───── Data provided ─────

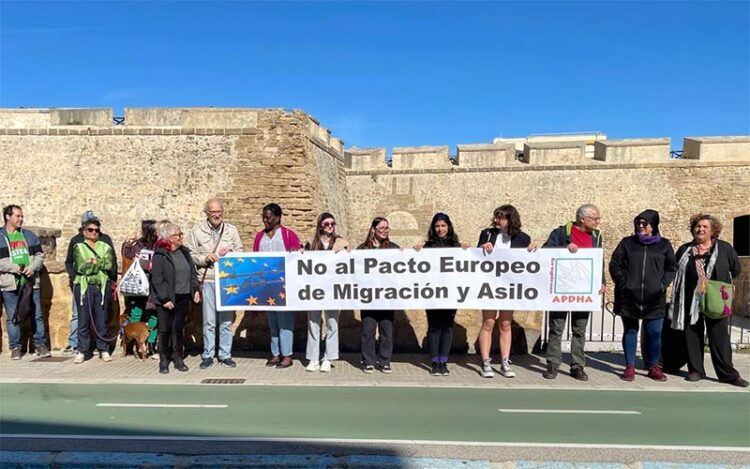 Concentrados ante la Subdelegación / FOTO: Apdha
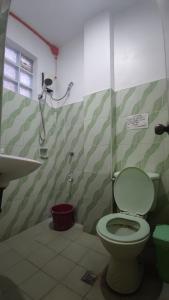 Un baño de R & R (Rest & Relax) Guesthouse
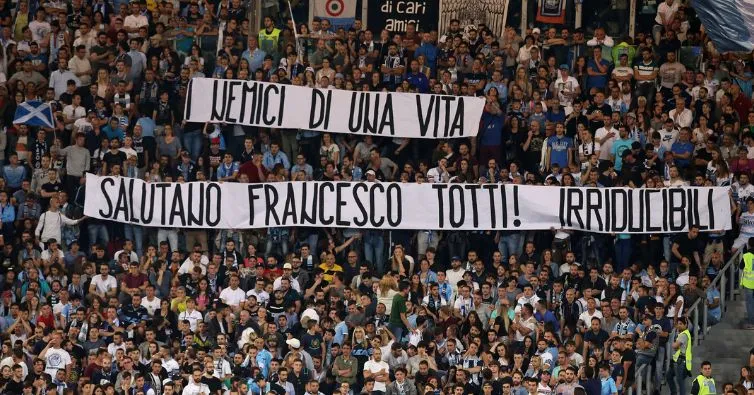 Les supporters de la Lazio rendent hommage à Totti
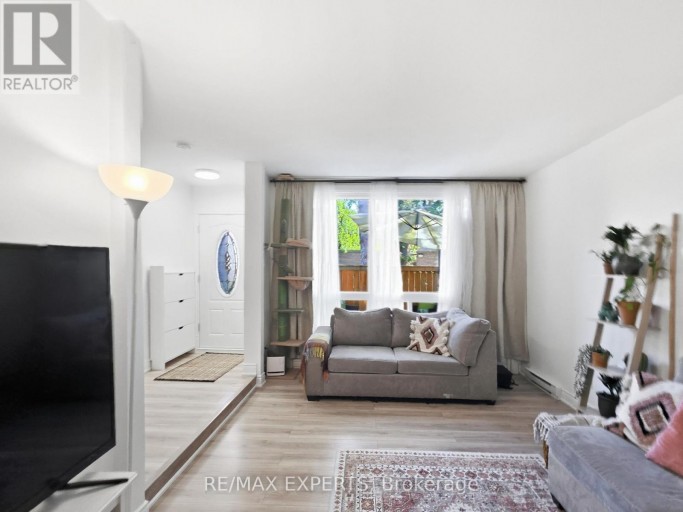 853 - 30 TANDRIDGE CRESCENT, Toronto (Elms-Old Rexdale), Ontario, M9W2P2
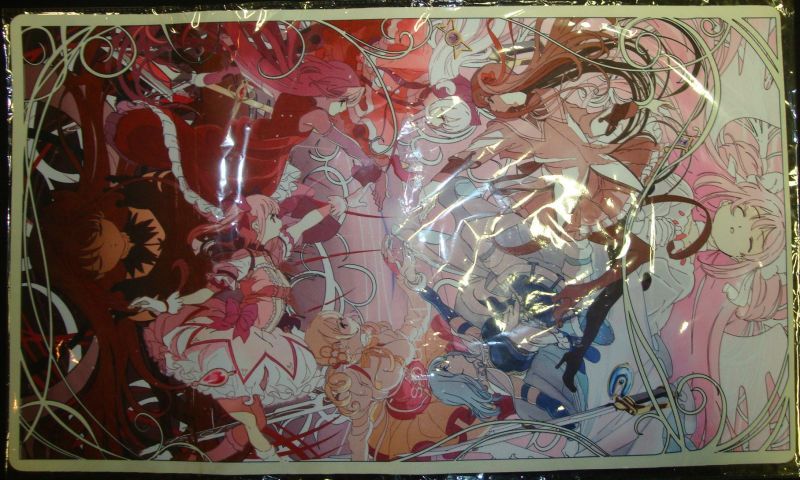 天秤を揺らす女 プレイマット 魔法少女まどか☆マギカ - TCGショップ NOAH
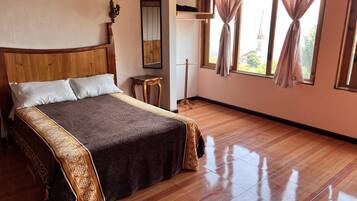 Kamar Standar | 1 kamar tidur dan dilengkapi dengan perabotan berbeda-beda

─────
───── Data provided ─────

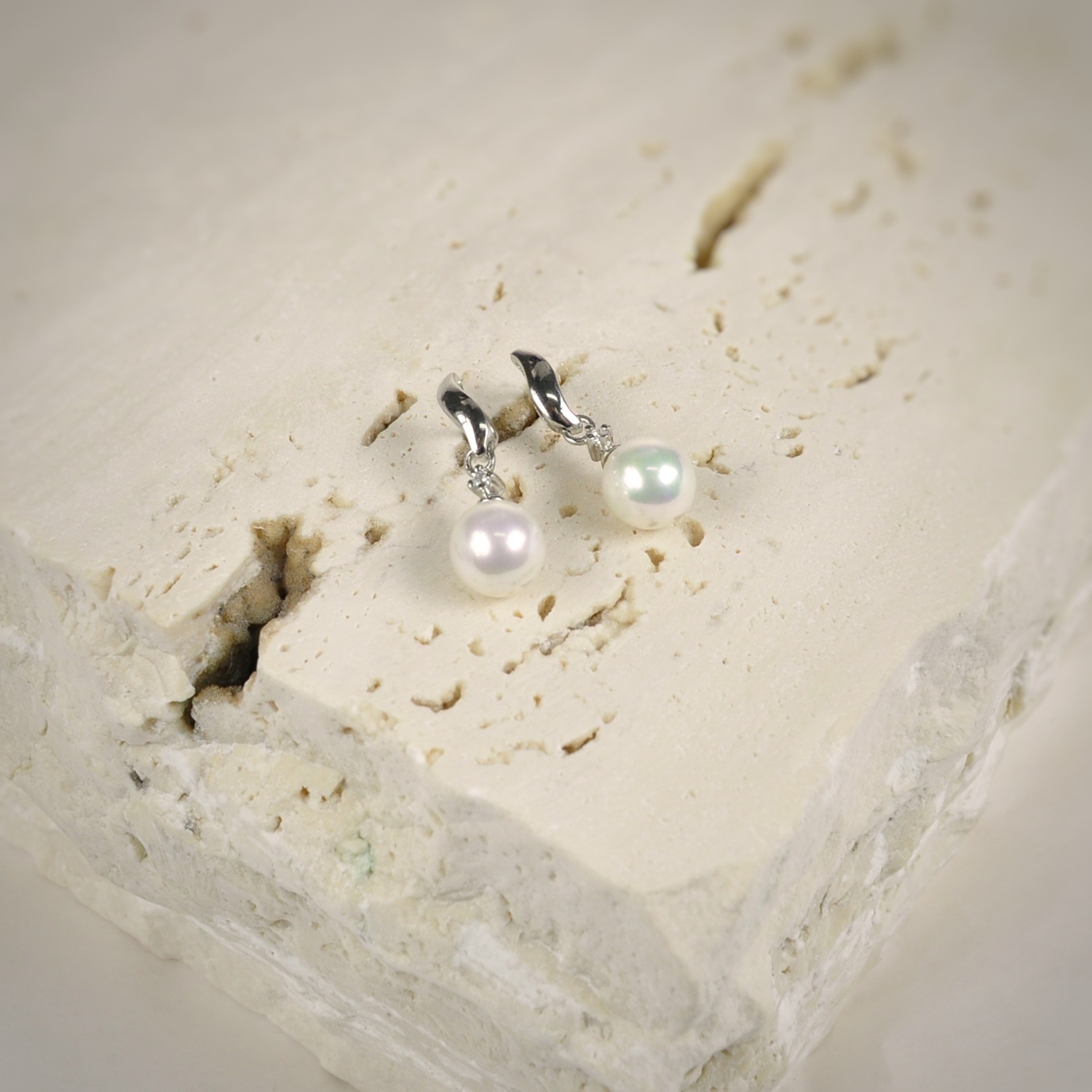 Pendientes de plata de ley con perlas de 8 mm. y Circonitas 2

─────
───── Data provided ─────

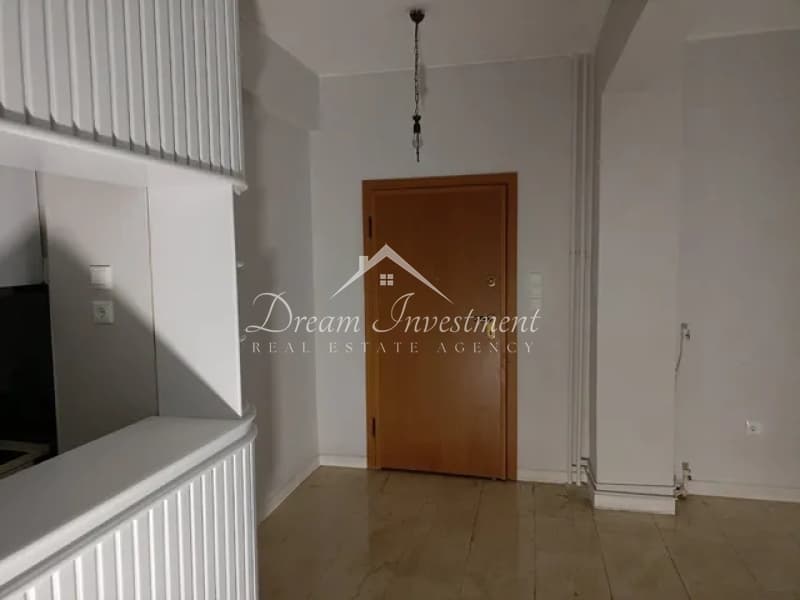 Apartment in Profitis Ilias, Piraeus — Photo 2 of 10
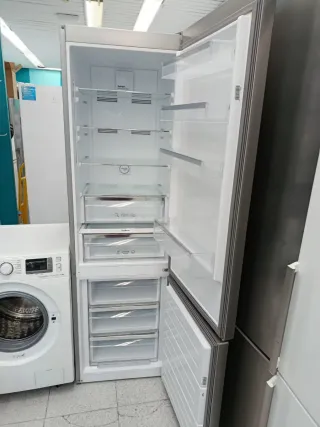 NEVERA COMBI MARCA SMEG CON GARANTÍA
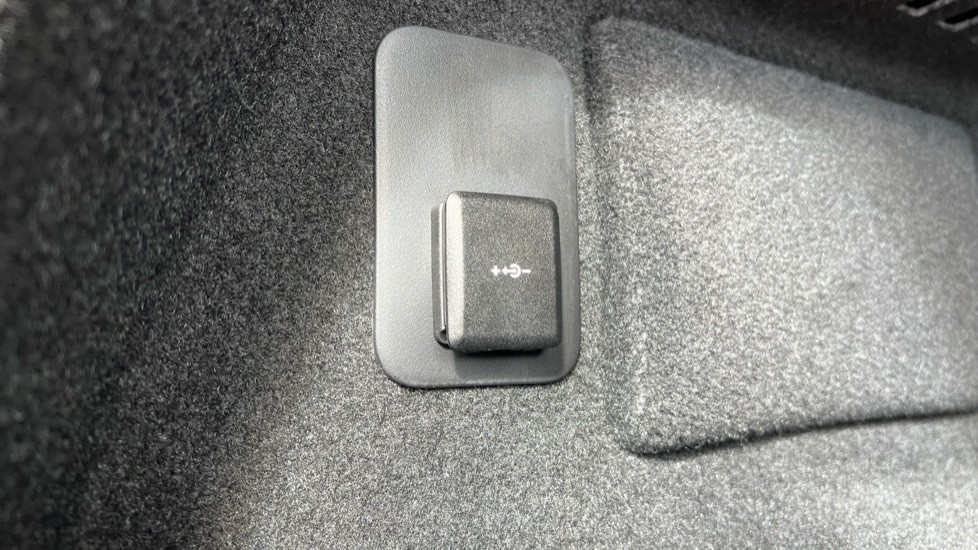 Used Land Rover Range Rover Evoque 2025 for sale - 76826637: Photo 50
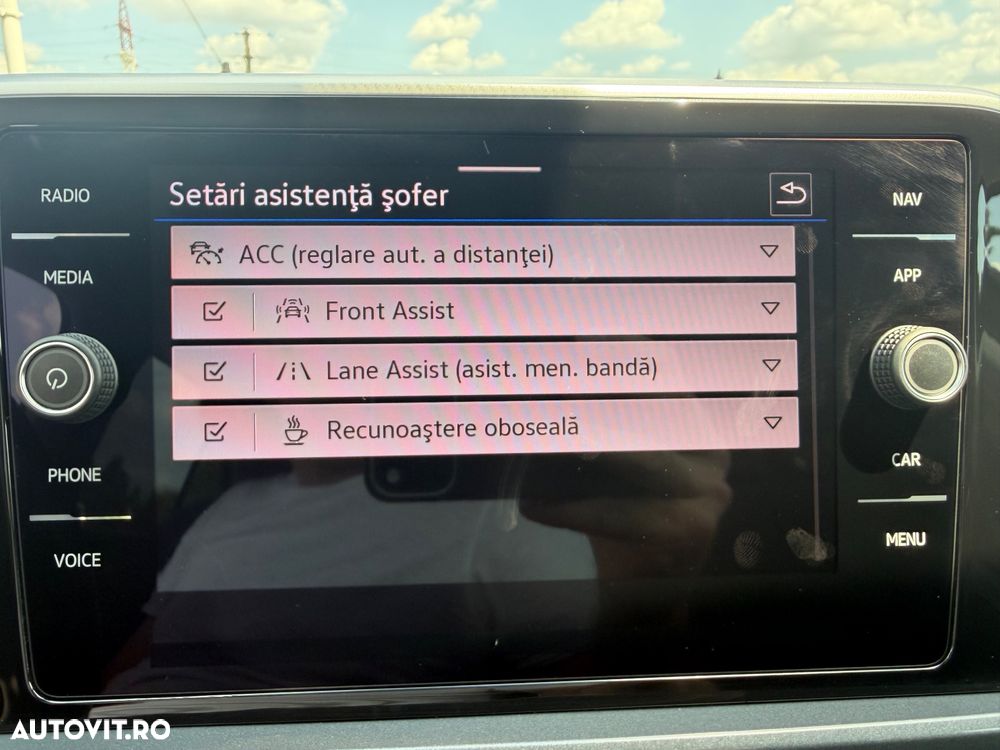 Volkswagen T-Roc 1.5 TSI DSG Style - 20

─────

- **Work required**:
Given the entries above, transcribe exactly the lines from the one holding "Un baño de R & R (Rest & Relax) Guesthouse" through the one holding "Kamar Standar |"; pictures do not belong in the transcription.

- **Completed task**:
 Un baño de R & R (Rest & Relax) Guesthouse
 Les supporters de la Lazio rendent hommage à Totti
 853 - 30 TANDRIDGE CRESCENT, Toronto (Elms-Old Rexdale), Ontario, M9W2P2
 天秤を揺らす女 プレイマット 魔法少女まどか☆マギカ - TCGショップ NOAH
 Kamar Standar | 1 kamar tidur dan dilengkapi dengan perabotan berbeda-beda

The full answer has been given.